# where are the dang fish



## mfbt (Apr 5, 2012)

my boat has been outta commission for 3 weeks and i have been surf fishing every sunday and thursday. i went out past the fire station on via de luna 2 weeks ago and caught a 38 inch red and then last sunday i went to pickens and walked out to the pass on foot with all my supplies, fished for three hours only got 3 skate and then a ton of bristleworms, grossest looking creature ive caught out here. then i went back to via de luna yesterday and did not catch a friggin thing again..we had cut bluefish, squid, shrimp and jigs..NOTHING...it was fun because atleast i wasnt working...cant wait to get my boat back this sunday! wooooooottt


----------



## LUPilot (Apr 10, 2012)

I feel your pain! Over the last 5 weeks of surf fishing (getting out at least 2-3 times per week) I have caught 9 catfish, 1 blue fish, and 1 large cownose ray. I've been skunked so many times I can't keep count. Anybody know if this is normal for this time of the year? I keep hearing about how the pompano, reds, whiting, and trout are all supposed to be out in crazy numbers right now, but I haven't seen a single one.


----------



## darsinika (Apr 18, 2010)

i agree this year i keep waiting for the bite but, i got 1 pompano thursday in that se wind. my freezer is usually full by now and i would be giving pounds of fish to my neighbors. i have been in the INSHORE reports and the specks ,reds and white trout are in the river a plenty, i am still hoping for more cold weather to cool those rivers down and that should run the fish due south.


----------



## devinsdad (Mar 31, 2010)

Weather and water is just too warm. I was thinking about going tomorrow morning but IMO it wont be worth it. 2nd winter now in a row with unusually warm weather.

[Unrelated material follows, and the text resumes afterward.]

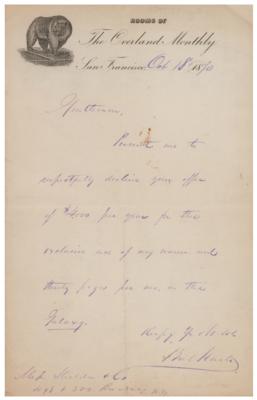 Lot #563 Bret Harte Autograph Letter Signed - Image 1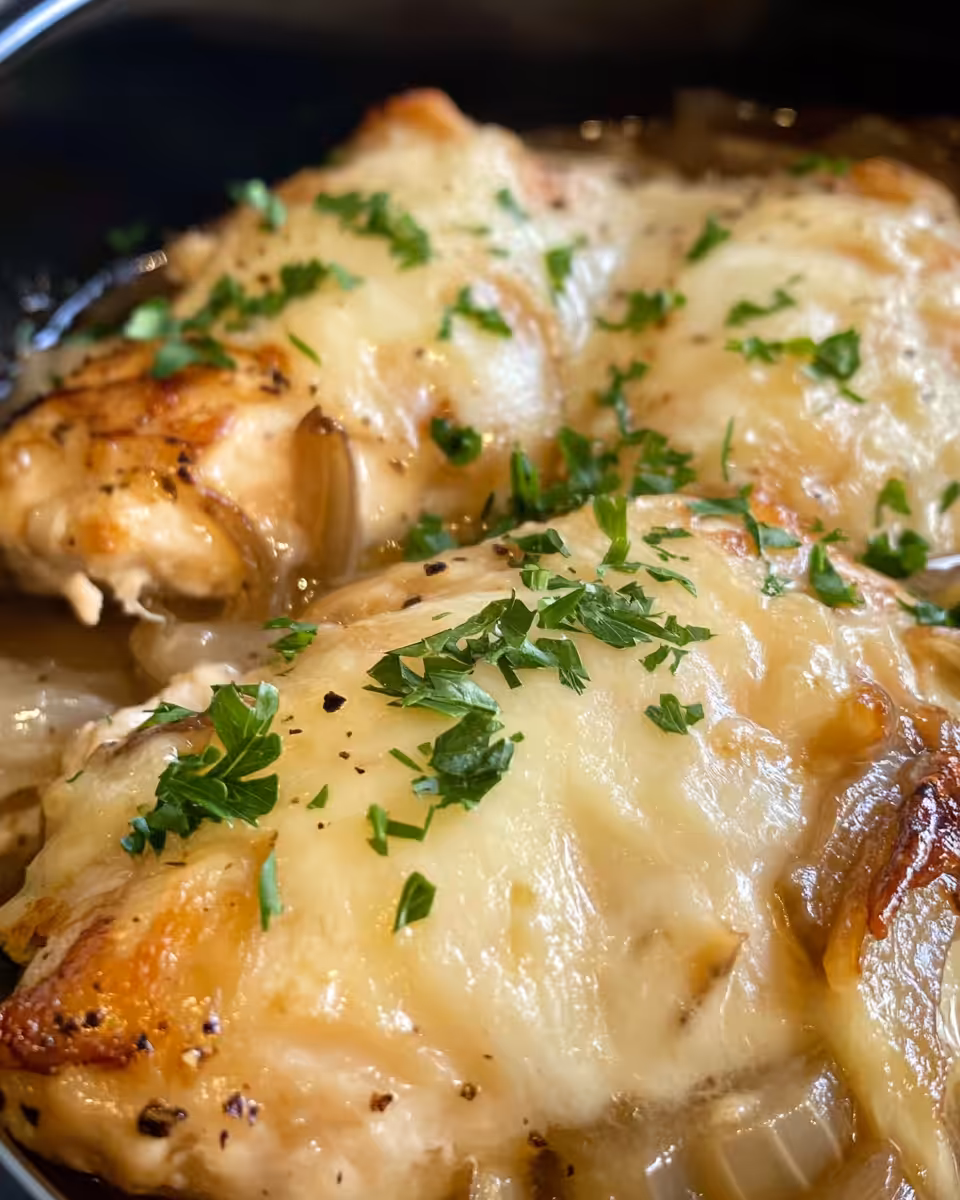 Serving of French onion chicken topped with melted Gruyere cheese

Supposed to get some cold weather early next week so lets see what happens.


----------



## LUPilot (Apr 10, 2012)

This is my first fall/winter in Florida. How is the fishing once it cools down? What's typically running? And how "cold" does the weather really need to be before we start seeing fish again?


----------



## rufus1138 (Oct 29, 2012)

the fish are at the bridges guys. white trout blues reds and sheephead, just gotta get out into the deep water.


----------



## mfbt (Apr 5, 2012)

well im down to fish any thursday or sunday, you guys just let me know, ill meet up with ya and hopefully we can put our heads together and catch some dang fish.


----------



## rufus1138 (Oct 29, 2012)

im supposed to be in a boat on 3mb saturday afternoon


----------



## DAWGONIT (Jan 16, 2009)

+1 on the warm weather phenom, for now anyway.
My Dad would always say, "wait a while, it will change."


----------



## bigassredfish (Apr 3, 2011)

Its been off and on for me... been going to Pickens twice a week for the past 3 weeks. The first time got 4 blues, the second time got 3 bull reds...then nothing.... I just recently got another red out there. Still had 4-5 trips with no luck at all. The time that I got 3 reds it was COLD! Going to head out again next week and see what I can get...


----------



## sniperpeeps (Mar 5, 2011)

ADMIN* said:


> dunno if its because of the warmer weather but don't even waste your time on the surf.
> 
> its gotta be due to either overfishing or perhaps the oil spill. because i have friends up and down the southeast coasts who are tearing up the fish on the surf.



Don't know where y'all have been fishing but the pompano and whiting bite in Navarre has been very good for the past couple weeks......


----------